→ **The problem**
Word for word, please restate the line that contains "Svarta sweatpants med" and all lines after it through the end of the material, minus the pictures.

→ **Data provided**
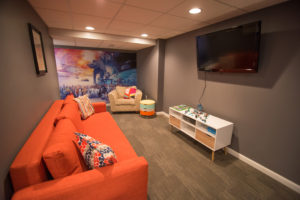 orange couch in finished basement for kids to use as playroom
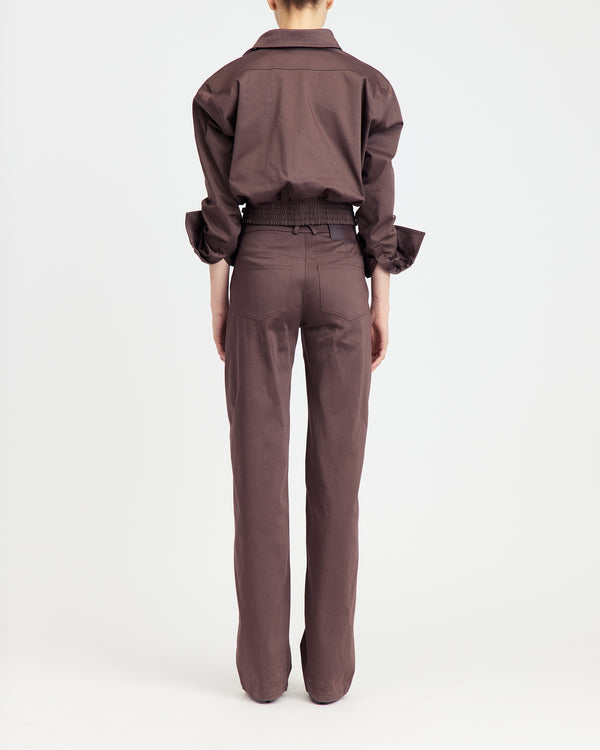 16Arlington Jolie jacket in nocciola cotton sateen, featuring a cropped silhouette with a cinched waist, plunging neckline and pointed collar with ruched sleeves and contrast leather buckle. This jacket brings signature tailoring to elevated daytime and evening looks from a luxury British designer brand. - back view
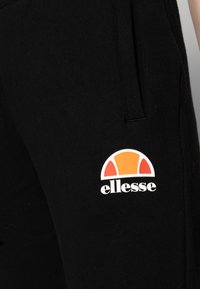 Svarta sweatpants med en vit och orange halvcirkel-logotyp med texten "ellesse". Tillverkade av mjukt material med sidofickor.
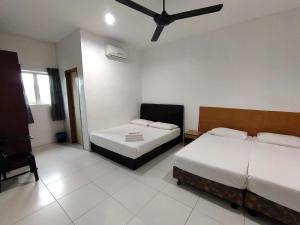 En eller flere senge i et værelse på Guesthouse Fasa 2B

→ **Solution to this task**
 Svarta sweatpants med en vit och orange halvcirkel-logotyp med texten "ellesse". Tillverkade av mjukt material med sidofickor.
 En eller flere senge i et værelse på Guesthouse Fasa 2B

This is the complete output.